**EXERCISE OBJECTIVE:** Line by line, output everything from the one that contains "Pusta piaszczysta plaża" through the end of the material below, exactly as written and with no pictures.

- Opening Delimiter -

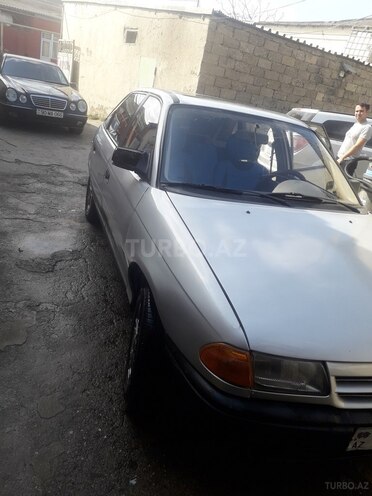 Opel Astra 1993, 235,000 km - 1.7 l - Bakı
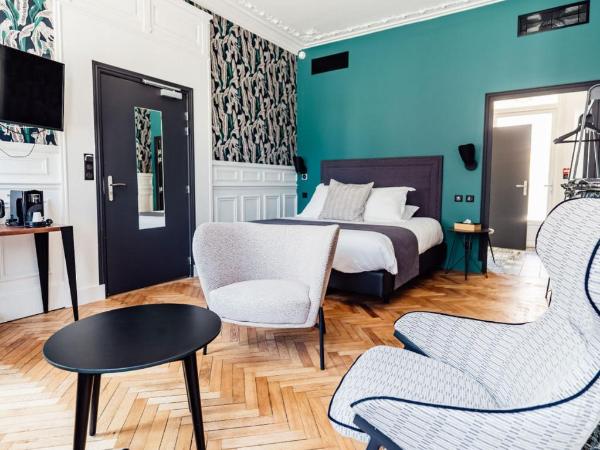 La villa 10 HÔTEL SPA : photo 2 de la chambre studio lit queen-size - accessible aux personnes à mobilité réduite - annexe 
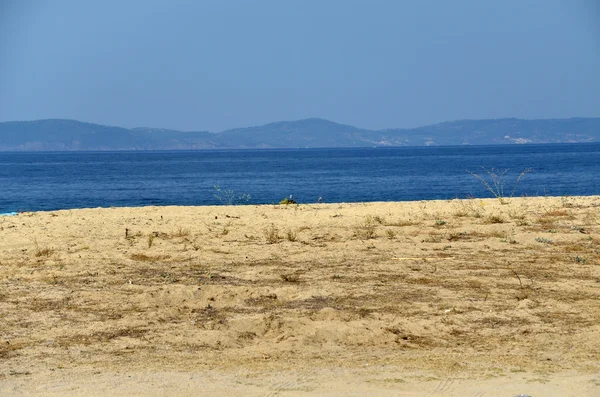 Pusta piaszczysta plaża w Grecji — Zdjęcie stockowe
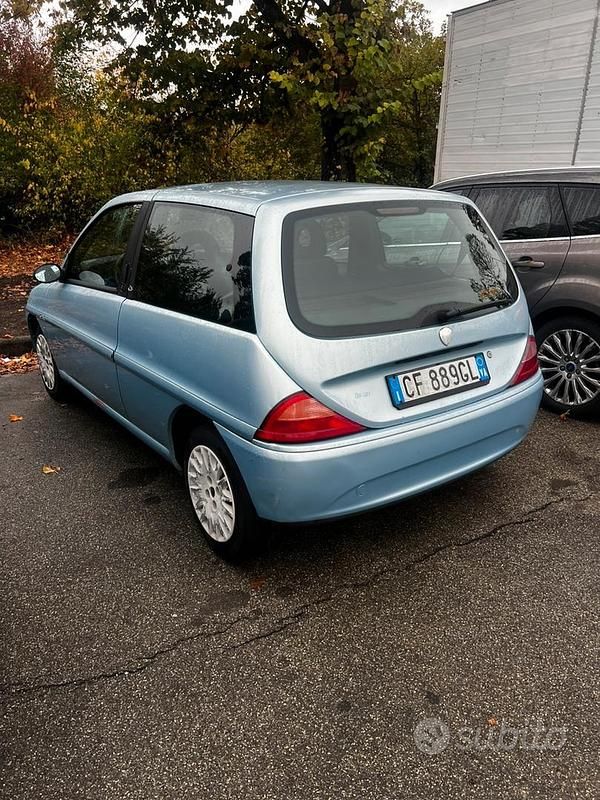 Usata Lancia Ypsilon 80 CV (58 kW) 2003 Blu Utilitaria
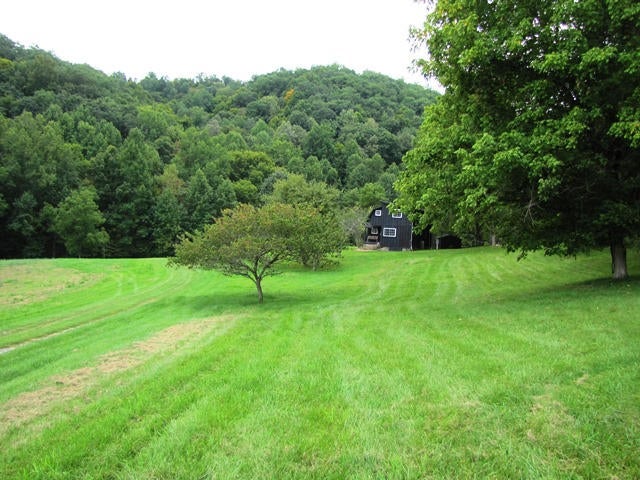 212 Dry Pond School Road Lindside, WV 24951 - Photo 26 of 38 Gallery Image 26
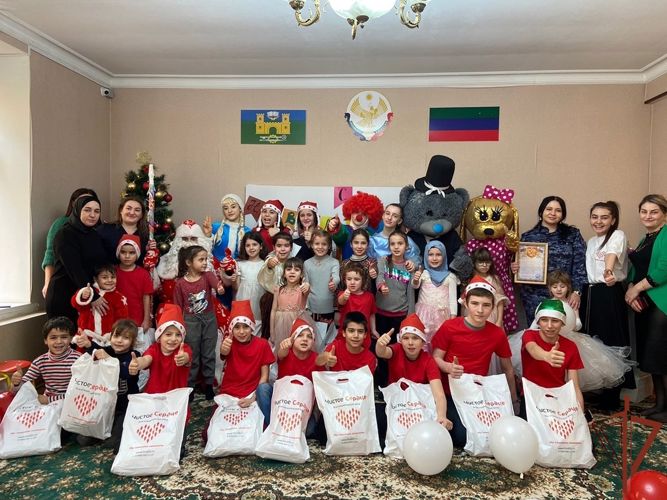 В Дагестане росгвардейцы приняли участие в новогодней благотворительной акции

- Closing Delimiter -

**ANSWER FOR THIS EXERCISE:**
 Pusta piaszczysta plaża w Grecji — Zdjęcie stockowe
 Usata Lancia Ypsilon 80 CV (58 kW) 2003 Blu Utilitaria
 212 Dry Pond School Road Lindside, WV 24951 - Photo 26 of 38 Gallery Image 26
 В Дагестане росгвардейцы приняли участие в новогодней благотворительной акции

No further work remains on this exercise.